> _THE TASK_: Copy out the data word for word, without any of its pictures.

> _INPUT DATA_:
§ §
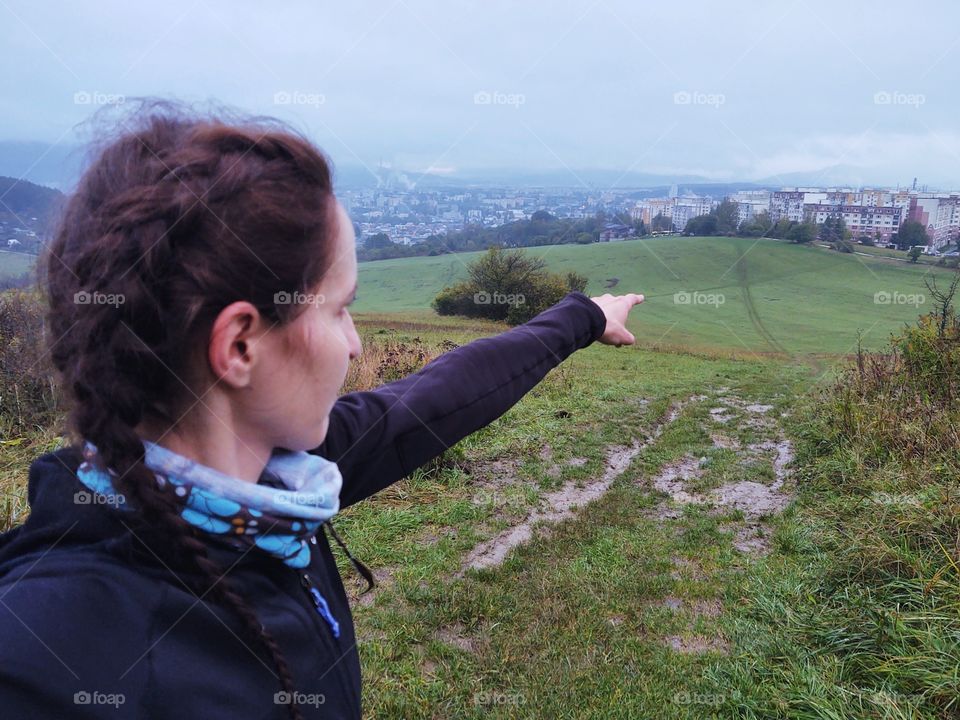 woman pointing her finger to the city from rainy hill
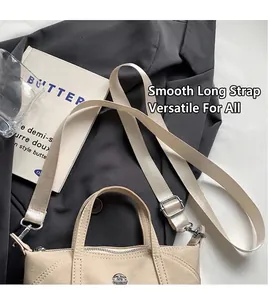 Detail of cream canvas crossbody bag with silver metal logo and smooth shoulder strap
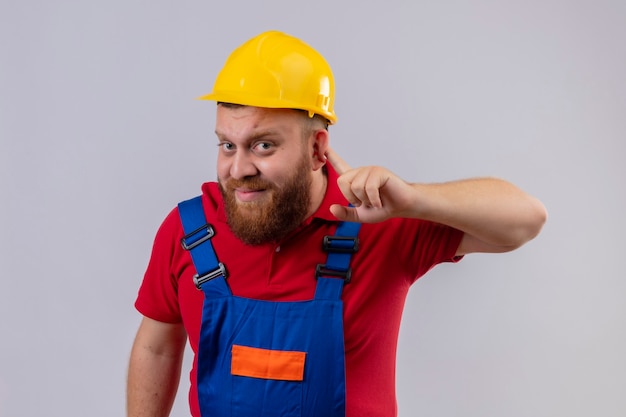 耳の近くで手をつないでカメラを見て聞いている建設制服と安全ヘルメットの若いひげを生やしたビルダーの男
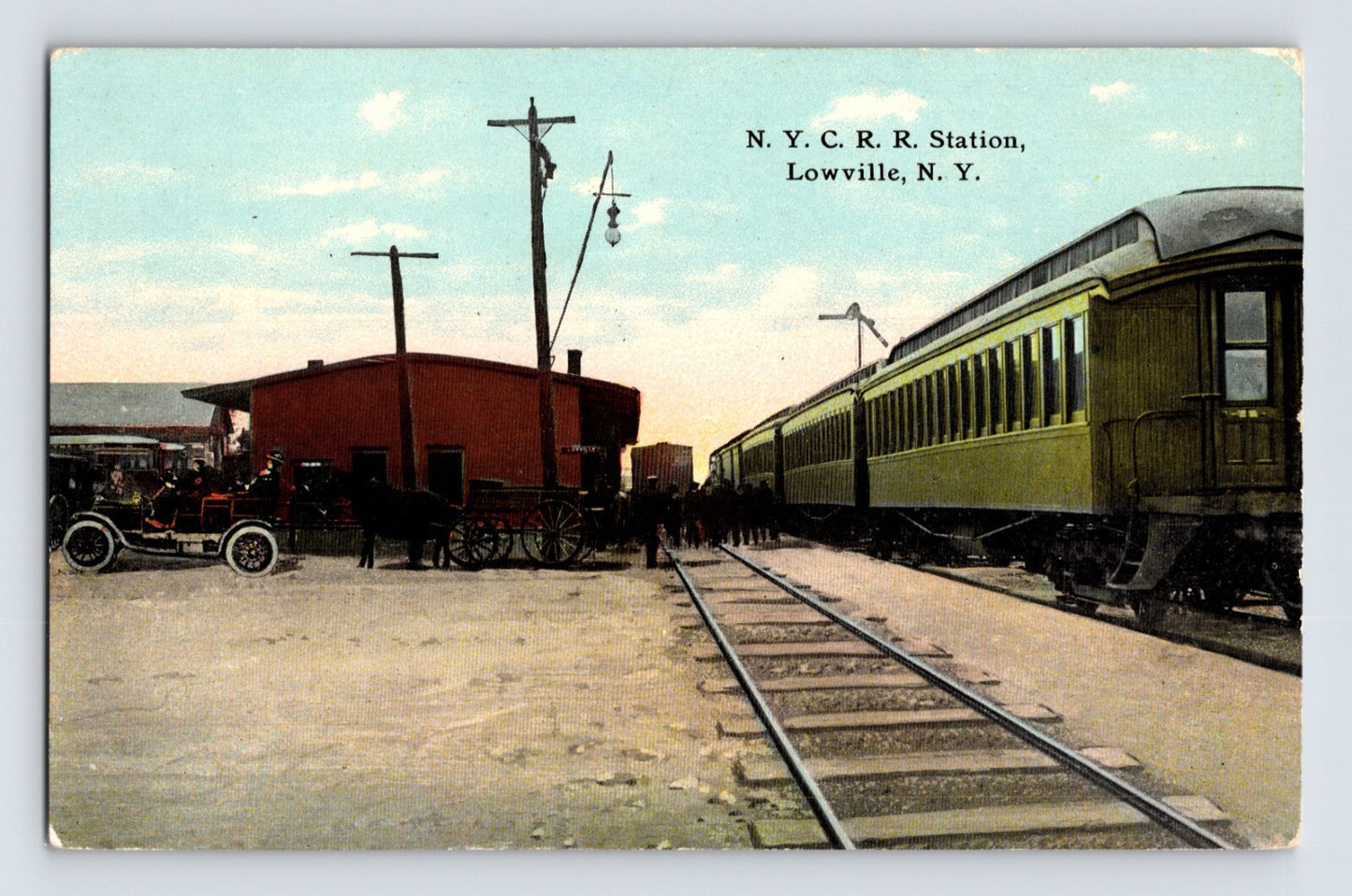 Lowville New York New York Central Railroad Station 1910s postcard showing passenger train and depot scene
§ §
> _RESULT BELOW_:
 woman pointing her finger to the city from rainy hill
 Detail of cream canvas crossbody bag with silver metal logo and smooth shoulder strap
 耳の近くで手をつないでカメラを見て聞いている建設制服と安全ヘルメットの若いひげを生やしたビルダーの男
 Lowville New York New York Central Railroad Station 1910s postcard showing passenger train and depot scene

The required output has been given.